Pressure continues to mount on Fannie Mae and Freddie Mac — the two agencies that dominate the U.S. secondary market for home mortgages — to help prevent more foreclosures. Some experts want to shut down the two agencies in order to make way for private capital. The private sector, however, currently has little appetite for such mortgage risk amid declining home prices and increasing foreclosures.

Wharton real estate and finance professor Susan Wachter says private capital can be attracted only with a set of rules that it finds acceptable, and only if it can provide input into the role played by Fannie Mae and Freddie Mac.

The federal government brought Fannie Mae and Freddie Mac under conservatorship in 2008 to help ride out the housing finance crisis, but “they are failed entities,” Wachter told Fox Business in an interview Monday (March 12), adding that 90% of the financing for home mortgages comes from Fannie Mae, Freddie Mac and the Federal Housing Finance Agency. Banks provide the remaining 10%, but they are constrained by regulatory limits on their capacity to lend, Wachter adds.

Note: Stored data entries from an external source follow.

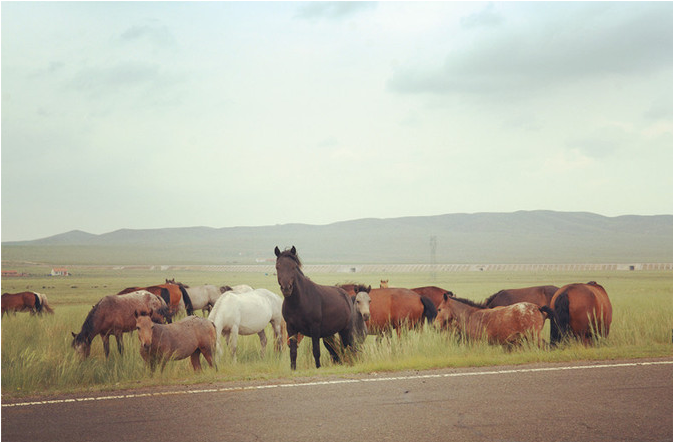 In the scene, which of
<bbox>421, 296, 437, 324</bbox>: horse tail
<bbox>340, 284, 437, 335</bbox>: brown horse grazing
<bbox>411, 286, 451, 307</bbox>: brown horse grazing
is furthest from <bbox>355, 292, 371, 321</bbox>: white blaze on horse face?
<bbox>411, 286, 451, 307</bbox>: brown horse grazing

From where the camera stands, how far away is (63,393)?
11.9 metres

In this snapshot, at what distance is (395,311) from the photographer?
2003 centimetres

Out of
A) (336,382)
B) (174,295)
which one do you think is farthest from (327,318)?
(174,295)

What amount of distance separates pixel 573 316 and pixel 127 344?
12.3 meters

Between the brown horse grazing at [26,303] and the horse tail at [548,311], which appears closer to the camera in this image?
the horse tail at [548,311]

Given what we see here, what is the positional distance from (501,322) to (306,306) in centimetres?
514

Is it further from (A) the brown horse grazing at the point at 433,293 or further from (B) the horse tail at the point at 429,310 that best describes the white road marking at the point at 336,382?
(A) the brown horse grazing at the point at 433,293

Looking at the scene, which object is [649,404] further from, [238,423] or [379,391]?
[238,423]

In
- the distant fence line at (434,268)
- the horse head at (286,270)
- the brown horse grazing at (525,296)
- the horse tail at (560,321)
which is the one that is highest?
the horse head at (286,270)

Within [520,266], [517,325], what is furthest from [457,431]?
[520,266]

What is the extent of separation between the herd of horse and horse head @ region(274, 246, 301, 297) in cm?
2

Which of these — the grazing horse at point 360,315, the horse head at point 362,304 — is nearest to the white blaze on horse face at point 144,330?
the grazing horse at point 360,315

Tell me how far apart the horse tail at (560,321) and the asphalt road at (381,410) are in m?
4.33

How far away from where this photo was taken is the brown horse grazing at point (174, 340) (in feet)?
45.4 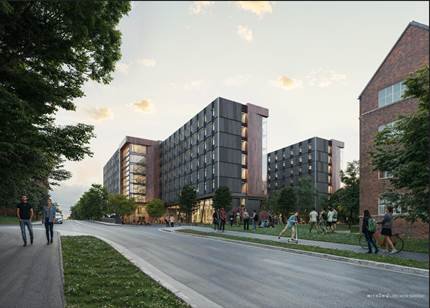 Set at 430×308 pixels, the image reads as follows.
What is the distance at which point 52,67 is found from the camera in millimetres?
11562

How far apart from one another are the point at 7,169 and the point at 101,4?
8964mm

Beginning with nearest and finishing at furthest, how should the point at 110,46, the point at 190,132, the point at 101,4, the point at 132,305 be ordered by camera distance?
the point at 132,305 < the point at 101,4 < the point at 110,46 < the point at 190,132

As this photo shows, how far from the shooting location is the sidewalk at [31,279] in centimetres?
607

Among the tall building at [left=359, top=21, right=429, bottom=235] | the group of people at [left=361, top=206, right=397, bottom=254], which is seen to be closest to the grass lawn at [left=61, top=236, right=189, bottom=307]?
the group of people at [left=361, top=206, right=397, bottom=254]

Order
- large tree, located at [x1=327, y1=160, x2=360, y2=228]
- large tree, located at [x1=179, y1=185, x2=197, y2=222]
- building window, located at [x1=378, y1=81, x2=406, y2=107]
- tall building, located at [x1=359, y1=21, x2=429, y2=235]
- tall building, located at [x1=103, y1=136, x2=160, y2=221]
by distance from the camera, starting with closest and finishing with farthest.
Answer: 1. tall building, located at [x1=359, y1=21, x2=429, y2=235]
2. building window, located at [x1=378, y1=81, x2=406, y2=107]
3. large tree, located at [x1=327, y1=160, x2=360, y2=228]
4. large tree, located at [x1=179, y1=185, x2=197, y2=222]
5. tall building, located at [x1=103, y1=136, x2=160, y2=221]

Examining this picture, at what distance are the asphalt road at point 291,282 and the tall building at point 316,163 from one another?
90.5 meters

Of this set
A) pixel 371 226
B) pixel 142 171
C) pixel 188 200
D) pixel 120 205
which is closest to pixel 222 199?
pixel 188 200

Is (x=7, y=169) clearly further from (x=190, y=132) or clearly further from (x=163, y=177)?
(x=163, y=177)

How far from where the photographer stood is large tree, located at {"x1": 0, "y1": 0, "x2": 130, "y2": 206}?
8711 millimetres

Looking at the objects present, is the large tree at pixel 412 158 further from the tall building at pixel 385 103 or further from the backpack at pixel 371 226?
the tall building at pixel 385 103

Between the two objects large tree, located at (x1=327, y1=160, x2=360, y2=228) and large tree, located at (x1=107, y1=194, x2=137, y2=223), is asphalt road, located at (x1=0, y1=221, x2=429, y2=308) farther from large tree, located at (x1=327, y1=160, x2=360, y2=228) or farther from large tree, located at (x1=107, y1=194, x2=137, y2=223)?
large tree, located at (x1=107, y1=194, x2=137, y2=223)

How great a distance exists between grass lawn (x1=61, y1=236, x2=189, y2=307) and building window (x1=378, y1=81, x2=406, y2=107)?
80.9ft

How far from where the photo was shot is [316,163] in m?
103

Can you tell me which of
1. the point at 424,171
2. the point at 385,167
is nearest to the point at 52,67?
the point at 424,171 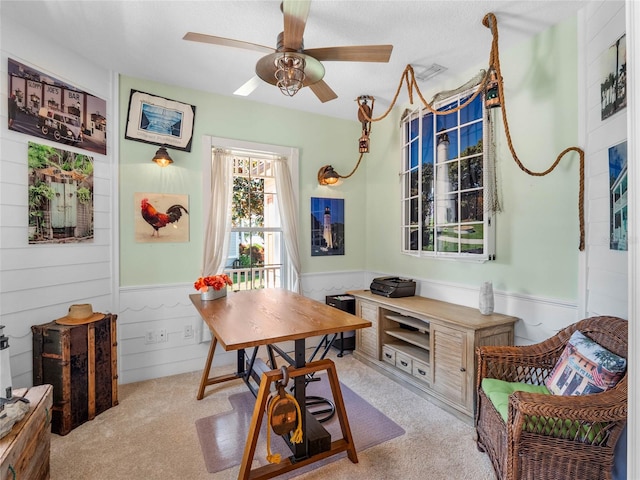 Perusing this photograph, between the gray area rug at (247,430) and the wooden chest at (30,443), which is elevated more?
the wooden chest at (30,443)

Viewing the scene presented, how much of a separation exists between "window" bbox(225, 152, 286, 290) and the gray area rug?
1.45 m

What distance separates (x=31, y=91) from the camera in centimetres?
251

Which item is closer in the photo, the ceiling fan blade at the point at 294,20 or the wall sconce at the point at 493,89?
the ceiling fan blade at the point at 294,20

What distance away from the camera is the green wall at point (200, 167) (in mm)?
3223

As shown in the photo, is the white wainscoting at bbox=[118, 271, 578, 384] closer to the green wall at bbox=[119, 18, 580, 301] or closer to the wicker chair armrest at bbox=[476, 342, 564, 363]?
the green wall at bbox=[119, 18, 580, 301]

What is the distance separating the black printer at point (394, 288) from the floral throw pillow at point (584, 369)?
163cm

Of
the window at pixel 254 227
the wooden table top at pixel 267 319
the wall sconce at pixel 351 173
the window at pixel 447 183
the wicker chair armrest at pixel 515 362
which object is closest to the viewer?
the wooden table top at pixel 267 319

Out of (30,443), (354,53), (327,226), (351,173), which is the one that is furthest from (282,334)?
(351,173)

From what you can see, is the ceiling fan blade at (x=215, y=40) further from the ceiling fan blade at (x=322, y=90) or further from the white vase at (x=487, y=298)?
the white vase at (x=487, y=298)

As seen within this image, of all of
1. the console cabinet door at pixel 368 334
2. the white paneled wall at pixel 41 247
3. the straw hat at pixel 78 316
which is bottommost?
the console cabinet door at pixel 368 334

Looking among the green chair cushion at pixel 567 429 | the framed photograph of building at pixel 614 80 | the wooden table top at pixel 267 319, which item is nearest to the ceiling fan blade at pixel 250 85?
the wooden table top at pixel 267 319

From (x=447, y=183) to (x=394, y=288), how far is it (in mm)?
1227

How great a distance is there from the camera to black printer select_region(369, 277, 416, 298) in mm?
3492

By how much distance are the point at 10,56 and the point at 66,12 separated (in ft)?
1.81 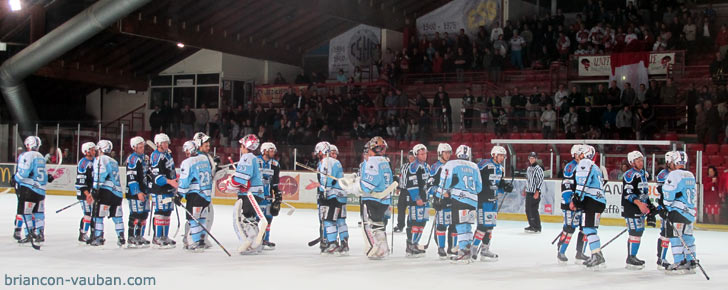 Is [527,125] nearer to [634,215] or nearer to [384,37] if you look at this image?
[384,37]

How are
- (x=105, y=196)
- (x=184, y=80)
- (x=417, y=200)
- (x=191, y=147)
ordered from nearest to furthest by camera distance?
(x=191, y=147) < (x=417, y=200) < (x=105, y=196) < (x=184, y=80)

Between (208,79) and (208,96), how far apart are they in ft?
2.13

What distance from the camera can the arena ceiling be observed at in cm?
2347

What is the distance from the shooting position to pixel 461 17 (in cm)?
2780

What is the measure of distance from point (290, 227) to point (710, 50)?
14.5 meters

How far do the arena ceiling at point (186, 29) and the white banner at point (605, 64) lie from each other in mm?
6989

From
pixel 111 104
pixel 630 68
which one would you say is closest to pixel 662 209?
pixel 630 68

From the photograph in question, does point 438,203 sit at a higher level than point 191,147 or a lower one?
lower

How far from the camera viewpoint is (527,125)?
2194 cm

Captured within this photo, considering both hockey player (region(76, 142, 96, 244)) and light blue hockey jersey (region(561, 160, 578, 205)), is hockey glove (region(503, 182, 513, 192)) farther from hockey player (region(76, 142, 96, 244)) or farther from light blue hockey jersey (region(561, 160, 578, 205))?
hockey player (region(76, 142, 96, 244))

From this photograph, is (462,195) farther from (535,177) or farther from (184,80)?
(184,80)

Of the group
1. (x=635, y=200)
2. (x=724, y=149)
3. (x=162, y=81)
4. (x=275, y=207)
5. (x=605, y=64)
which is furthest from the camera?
(x=162, y=81)

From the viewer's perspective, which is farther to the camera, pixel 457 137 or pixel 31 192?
pixel 457 137

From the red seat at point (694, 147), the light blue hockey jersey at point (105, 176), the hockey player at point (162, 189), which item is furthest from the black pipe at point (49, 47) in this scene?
the red seat at point (694, 147) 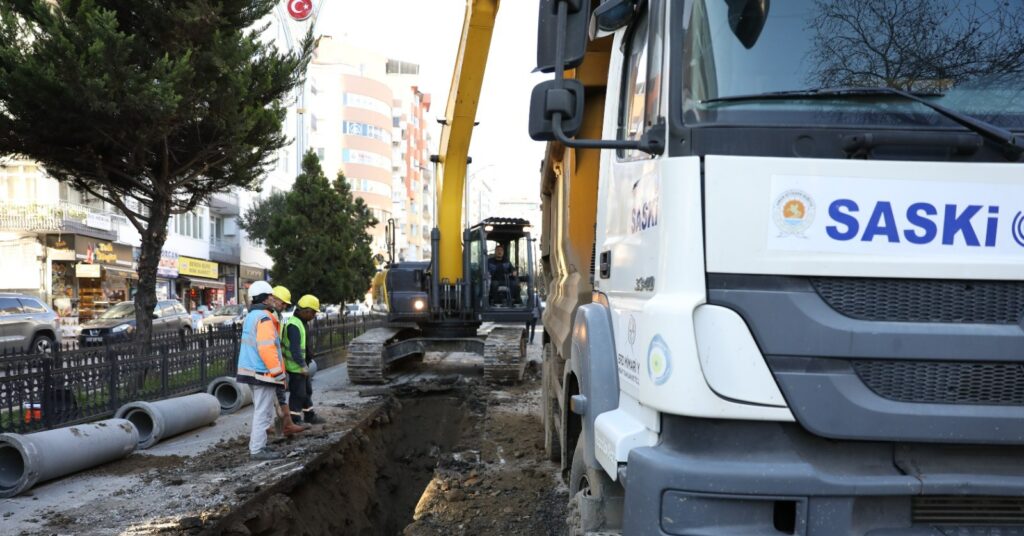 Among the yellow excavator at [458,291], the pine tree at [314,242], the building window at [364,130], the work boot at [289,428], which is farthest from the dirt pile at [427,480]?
the building window at [364,130]

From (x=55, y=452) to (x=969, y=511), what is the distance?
7085 millimetres

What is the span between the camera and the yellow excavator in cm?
1223

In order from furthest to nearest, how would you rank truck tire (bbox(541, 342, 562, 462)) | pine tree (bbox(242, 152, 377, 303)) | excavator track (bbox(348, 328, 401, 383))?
pine tree (bbox(242, 152, 377, 303)), excavator track (bbox(348, 328, 401, 383)), truck tire (bbox(541, 342, 562, 462))

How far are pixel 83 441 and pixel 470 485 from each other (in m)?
3.64

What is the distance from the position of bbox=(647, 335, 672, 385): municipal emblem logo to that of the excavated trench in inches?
169

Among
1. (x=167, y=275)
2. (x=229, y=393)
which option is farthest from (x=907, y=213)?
(x=167, y=275)

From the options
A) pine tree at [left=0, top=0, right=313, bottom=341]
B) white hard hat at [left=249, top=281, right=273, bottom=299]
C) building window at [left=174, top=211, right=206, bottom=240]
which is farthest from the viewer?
building window at [left=174, top=211, right=206, bottom=240]

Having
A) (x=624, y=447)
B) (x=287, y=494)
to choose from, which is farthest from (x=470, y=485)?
(x=624, y=447)

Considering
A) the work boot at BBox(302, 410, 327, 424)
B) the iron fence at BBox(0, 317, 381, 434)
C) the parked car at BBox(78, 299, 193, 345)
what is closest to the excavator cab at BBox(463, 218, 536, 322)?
the iron fence at BBox(0, 317, 381, 434)

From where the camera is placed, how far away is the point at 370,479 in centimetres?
924

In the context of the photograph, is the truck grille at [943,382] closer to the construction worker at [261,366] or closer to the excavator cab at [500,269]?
the construction worker at [261,366]

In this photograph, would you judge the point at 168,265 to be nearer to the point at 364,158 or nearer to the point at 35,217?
the point at 35,217

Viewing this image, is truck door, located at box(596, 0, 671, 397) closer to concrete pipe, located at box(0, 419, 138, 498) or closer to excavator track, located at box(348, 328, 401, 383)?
concrete pipe, located at box(0, 419, 138, 498)

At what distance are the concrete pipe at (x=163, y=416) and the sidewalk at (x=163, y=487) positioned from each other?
0.14 m
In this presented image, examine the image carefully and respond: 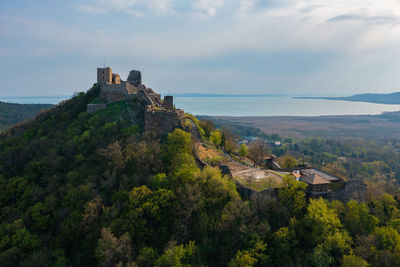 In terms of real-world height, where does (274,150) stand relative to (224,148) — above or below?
below

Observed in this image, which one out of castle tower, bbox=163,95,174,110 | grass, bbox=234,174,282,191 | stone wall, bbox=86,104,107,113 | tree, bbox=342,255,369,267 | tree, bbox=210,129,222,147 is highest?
castle tower, bbox=163,95,174,110

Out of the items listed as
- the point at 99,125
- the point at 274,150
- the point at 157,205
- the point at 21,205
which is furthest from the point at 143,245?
the point at 274,150

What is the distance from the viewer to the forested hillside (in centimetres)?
1950

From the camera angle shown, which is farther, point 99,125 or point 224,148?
point 224,148

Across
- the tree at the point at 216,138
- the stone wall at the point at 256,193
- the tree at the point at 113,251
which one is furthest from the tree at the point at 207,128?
the tree at the point at 113,251

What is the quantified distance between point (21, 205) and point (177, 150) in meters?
18.4

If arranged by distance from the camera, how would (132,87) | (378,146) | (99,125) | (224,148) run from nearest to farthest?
(99,125)
(224,148)
(132,87)
(378,146)

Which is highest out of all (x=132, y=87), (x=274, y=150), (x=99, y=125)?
(x=132, y=87)

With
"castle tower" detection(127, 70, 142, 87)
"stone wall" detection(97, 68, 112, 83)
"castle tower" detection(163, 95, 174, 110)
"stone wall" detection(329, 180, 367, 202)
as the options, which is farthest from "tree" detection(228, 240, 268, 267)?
"stone wall" detection(97, 68, 112, 83)

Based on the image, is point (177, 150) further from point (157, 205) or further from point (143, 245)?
point (143, 245)

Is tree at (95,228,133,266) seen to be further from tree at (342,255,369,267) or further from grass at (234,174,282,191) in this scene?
tree at (342,255,369,267)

She agrees with the popular view that the government does not have to be in the business of financing housing mortgages. “We do need to stand down Fannie and Freddie and stand up alternatives,” she says. “We need private capital at risk. [But] the private mortgage-backed securities market is zeroed out because we don’t have rules of the game that give the private sector confidence itself. There is work to be done.” The contentious issues include those related to the pricing of fees for mortgage guarantees, the sharing of risks and losses in case of defaults and the scope of the government’s foreclosure prevention programs.

Private capital, for its part, needs to reconcile its lending preferences with those of the market, according to Wachter. Borrowers want fixed-rate mortgages because they feel interest rates could rise, but banks prefer adjustable-rate mortgages. “If we took [fixed-rate mortgages off] the plate today, that could harm the market, unstable as it is already.”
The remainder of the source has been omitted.